Eût-il vécu, Cioran n’aurait certainement pas honoré de sa présence l’anniversaire de son centenaire en 2011: festivités et publicité, il les détestait tout autant. A juste raison, car son oeuvre ne doit pas attendre les grandes dates anniversaires pour refaire surface. Elle est toute présente à l’esprit des contemporains, les interpelle, leur lance des défis.

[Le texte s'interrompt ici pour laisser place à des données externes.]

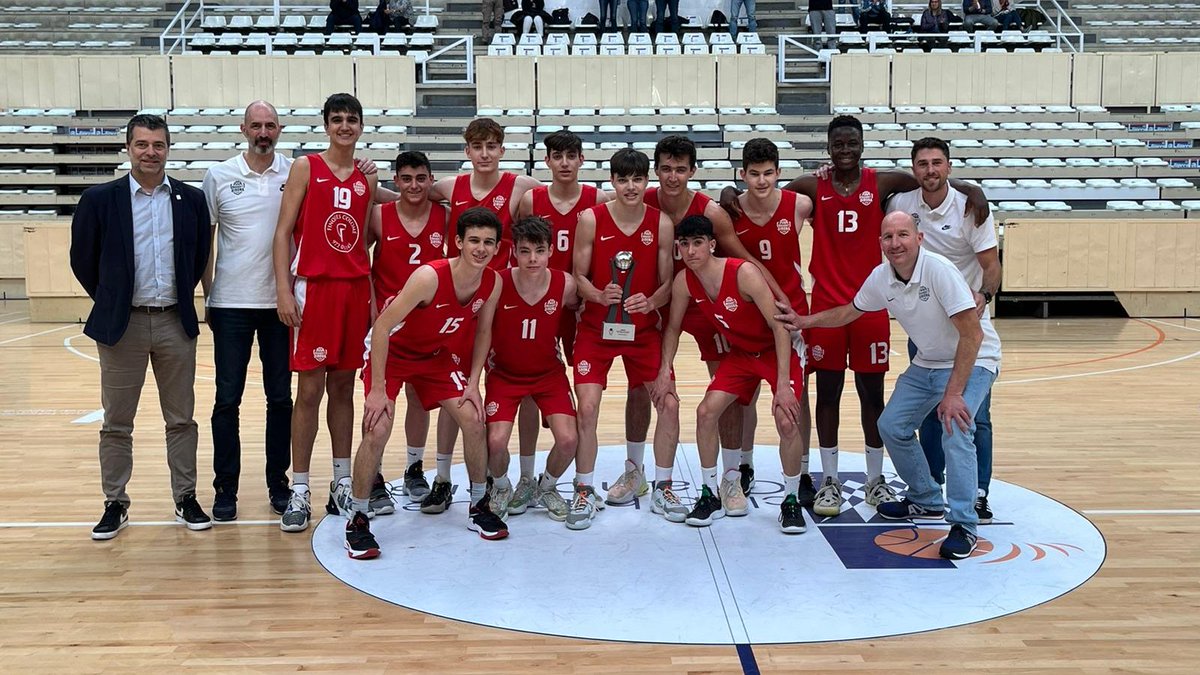 FCBQ's tweet photo. 🏆 Felicitats @BasquetGirona CAMPIÓ de Catalunya Cadet Masculí Preferent B 2021-22 a #Granollers en superar al @CBT_Tarragona a la final (60-55). En el 3r i 4t lloc, victòria del @somubsa davant @cbgranollers (63-68).

📊 https://t.co/CsDwHs91yd https://t.co/pbeIBo5Dpx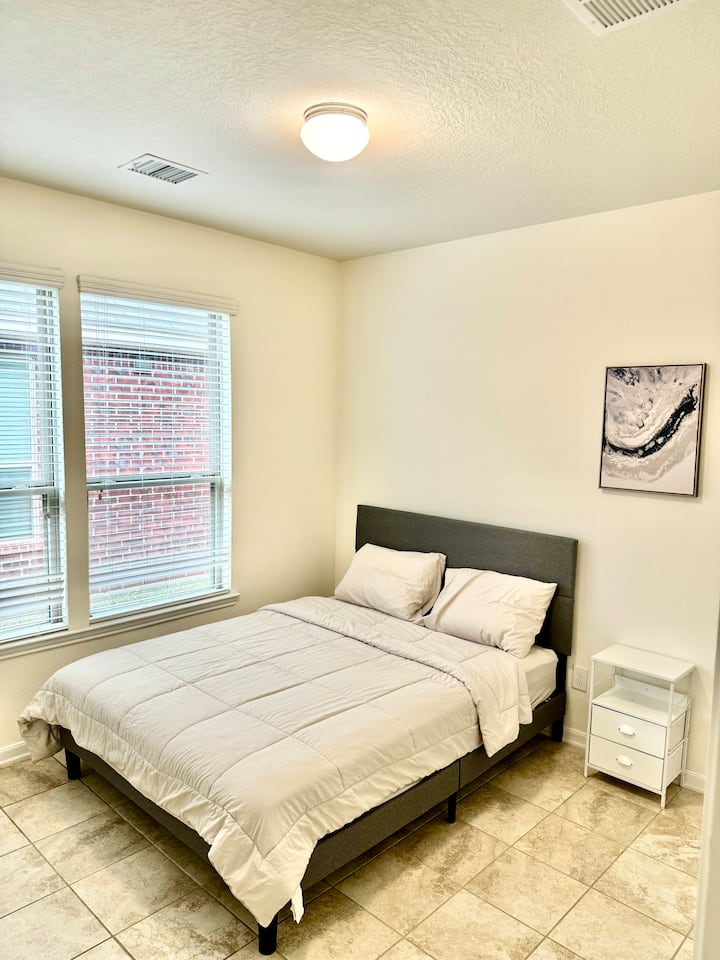 საძინებელი 3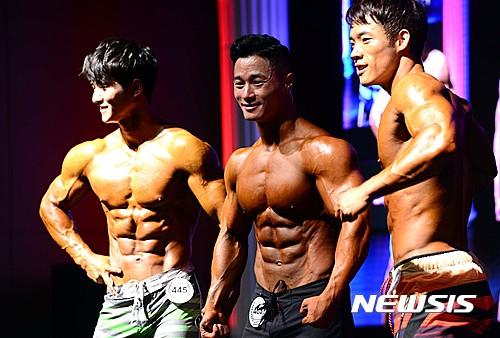 남성 몸짱들 육체미 대결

Preuve en est la lecture publique organisée le jeudi 16 février par ICR Bruxelles à la Cinématek de Bruxelles, avec la participation de deux écrivains belges non-conformistes.
Elisa Brune et Théophile de Giraud, qui partagent les grandes obsessions cioraniénnes, ont provoqué le public afin de le faire réagir tant à leurs textes que, plus largement, au pessimisme du grand penseur.
Elisa Brune a publié chez Odile Jacob, en 2011, La mort dans l’ame, tango avec Cioran ; elle se déclare bouleversée par „l’appétit de néant” de Cioran. La nouvelle de sa mort lui a semblé d’autant plus ivraisemblable que le personnage était l’incarnation même de l’absence. Ainsi, son bouleversement et sa contrariété sont-ils passés dans un livre qui est, déclare Elisa Brune, „une danse endiablée entre Cioran, la mort et moi. Un tango sauvage à trois.”
Théophile de Giraud est un rebelle qui ne mâche pas se mots quand il s’agit de se présenter : „né en Belgique par hasard et sans conviction, suicidaire et récidiviste chronique entre 18 et 20 ans, autodidacte grognon et méticuleux, inadapté méthodique, insomniaque notoire...” Avec un auteur qui se présente comme cela, son Art de guillotinner les procréateurs : manifeste antinataliste (Le Mort-Qui-Trompe, 2006) n’a, quant à lui, plus besoin de présentation.
La lecture et le débât de la Cinématek de Bruxelles ont été organisés par le Service de la Promotion des Lettres, Rideau de Bruxelles et l’ Institut culturel roumain Bruxelles.